Hidden Dynamic Models for Speech Processing Applications

TitleHidden Dynamic Models for Speech Processing Applications
Publication TypeThesis
Year of Publication2004
AuthorsLee, L. J.
Academic DepartmentDepartment of Electrical & Computer Engineering
UniversityUniversity of Waterloo
CityWaterloo, Ontario, Canada
Thesis TypePh.D. Thesis

Human speech has a dual nature: the goal of speech is to convey discrete linguistic symbols corresponding to the intended message while the actual speech signal is produced by the continuous and smooth movement of the articulators with rich temporal structures. Such a dual nature has been amazingly utilized by humans in a beneficial way but has presented a big challenge for both speech science and speech technology.
This thesis starts with the observation that the continuous or dynamic aspect of human speech is inadequately modeled in current speech technology, especially in state-of-the-art speech recognition systems, while much could be learned from recent advances in speech science. This motivates a study of articulatory dynamics, based on a recently available large scale speech production database that provides simultaneous acoustic and articulatory measurements. Indeed many insights and valuable experiences have been gained from such a study and, as a result, a hidden dynamic model (HDM) that gracefully integrates the discrete and continuous nature of speech is proposed. But it also turns out that articulatory dynamics is highly complicated and can not be captured by simple models, thus the dynamics are very difficult to put into an efficient computational framework for use in speech technology.

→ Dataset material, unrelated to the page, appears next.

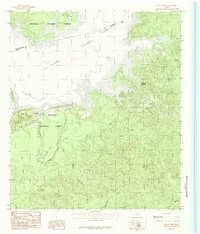 McGee Bend 1984 topographic map preview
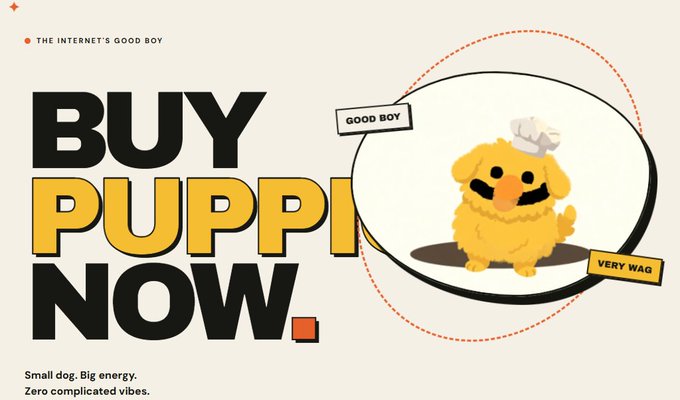 An advertisement featuring text "THE INTERNET'S GOOD BOY" and "BUY PUPPI NOW" alongside an illustration of a fluffy yellow dog wearing a chef's hat, with labels "GOOD BOY" and "VERY WAG."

As a continuing effort to seek internal dynamics of human speech that can reflect the continuous shape change of the vocal tract and benefit the current speech technology, the second part of the thesis turns to a study of vocal-tract-resonance (VTR) dynamics, built upon the insights and experiences gained from studying articulatory dynamics. It verifies that VTR dynamics can be captured by simple dynamic equations, and a highly accurate and efficient piecewise linear mapping from VTR dynamics to the acoustic space is also carefully designed. Two novel VTR tracking methods are developed in this part: one is based on mimicking manual tracking of VTR dynamics by human experts and uses advanced image processing methods (active contours), the other is the natural outcome of formulating a HDM for VTR dynamics and recovering the hidden dynamics by Kalman smoothing.